The entries that follow should be reproduced exactly, with no images carried over.

Image-text web data:
BEGIN
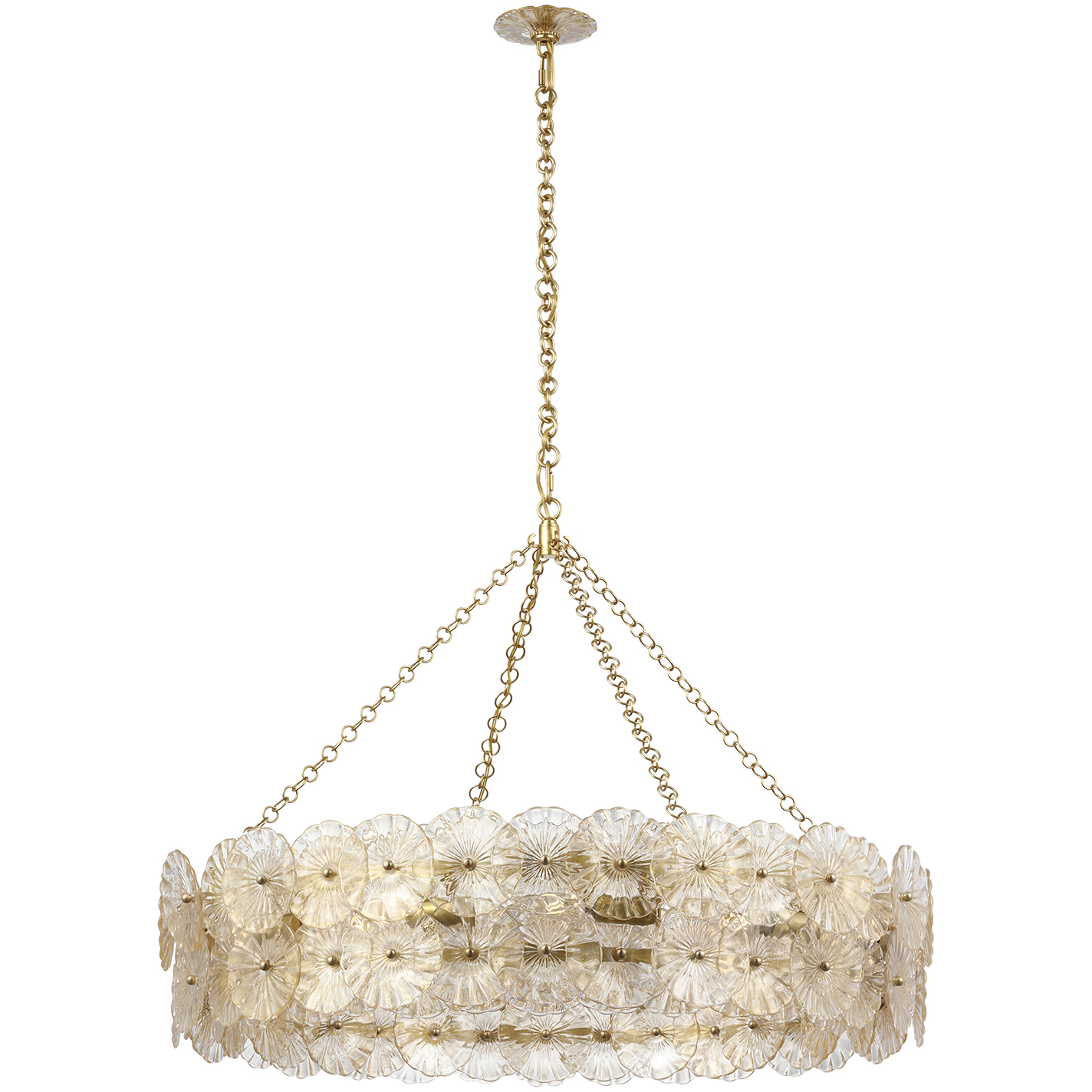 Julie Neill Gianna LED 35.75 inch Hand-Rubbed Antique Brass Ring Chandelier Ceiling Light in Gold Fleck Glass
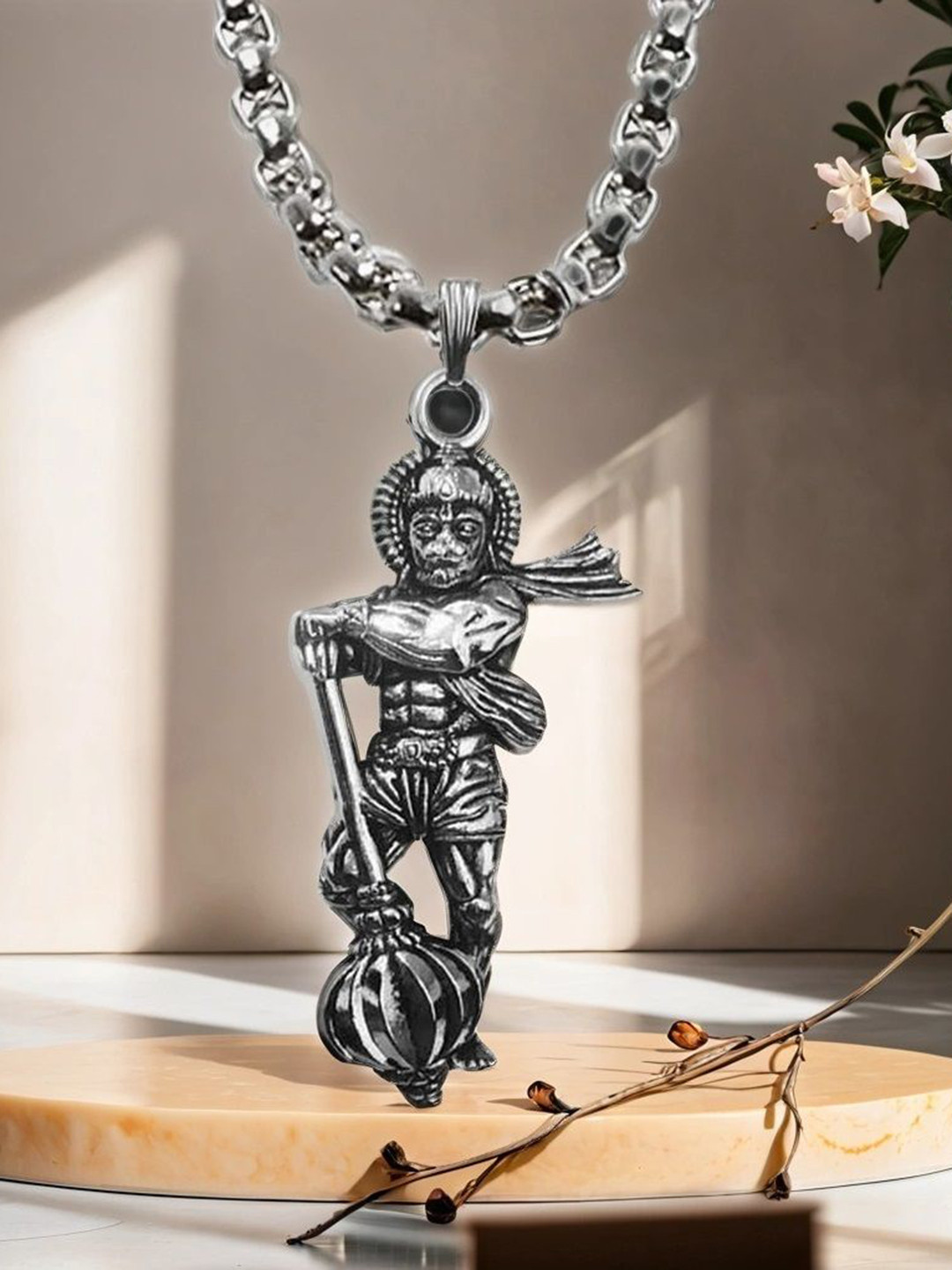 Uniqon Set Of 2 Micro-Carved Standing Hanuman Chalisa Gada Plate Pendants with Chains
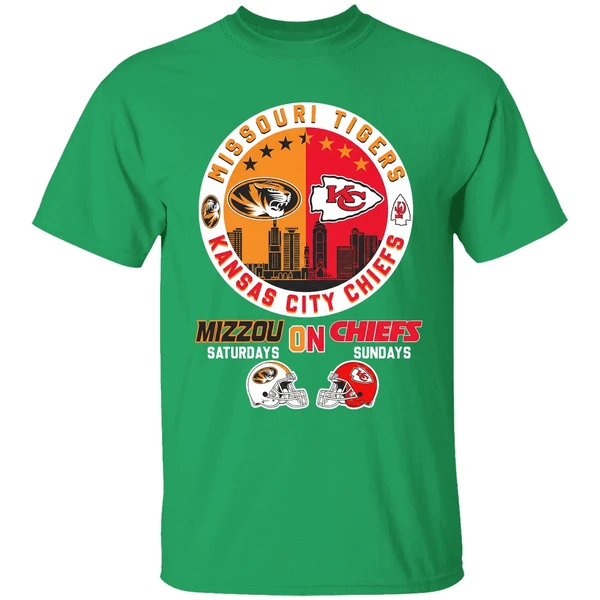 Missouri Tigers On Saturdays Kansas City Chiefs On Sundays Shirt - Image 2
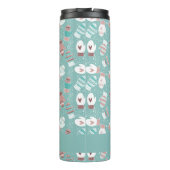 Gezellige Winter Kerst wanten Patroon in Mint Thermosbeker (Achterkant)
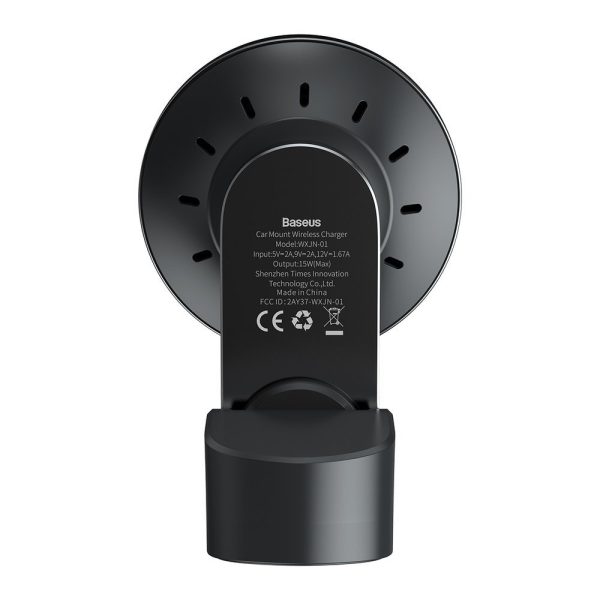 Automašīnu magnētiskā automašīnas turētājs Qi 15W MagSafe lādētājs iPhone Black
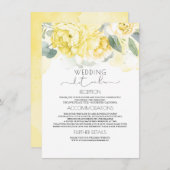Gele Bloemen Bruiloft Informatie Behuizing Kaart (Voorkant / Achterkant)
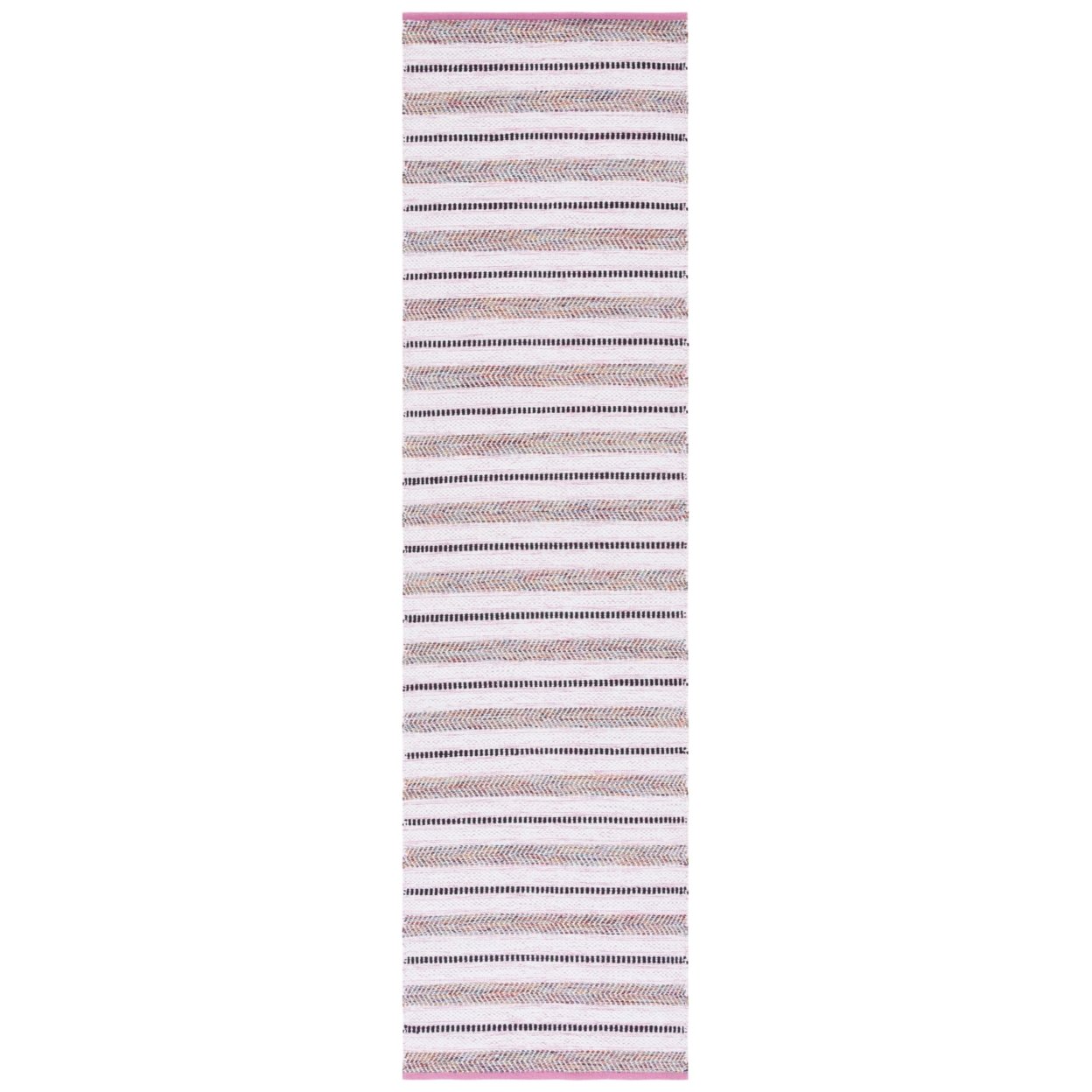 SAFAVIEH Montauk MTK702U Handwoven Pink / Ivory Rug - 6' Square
END
■ Written solution:
 Julie Neill Gianna LED 35.75 inch Hand-Rubbed Antique Brass Ring Chandelier Ceiling Light in Gold Fleck Glass
 Uniqon Set Of 2 Micro-Carved Standing Hanuman Chalisa Gada Plate Pendants with Chains
 Missouri Tigers On Saturdays Kansas City Chiefs On Sundays Shirt - Image 2
 Gezellige Winter Kerst wanten Patroon in Mint Thermosbeker (Achterkant)
 Automašīnu magnētiskā automašīnas turētājs Qi 15W MagSafe lādētājs iPhone Black
Gele Bloemen Bruiloft Informatie Behuizing Kaart (Voorkant / Achterkant)
 SAFAVIEH Montauk MTK702U Handwoven Pink / Ivory Rug - 6' Square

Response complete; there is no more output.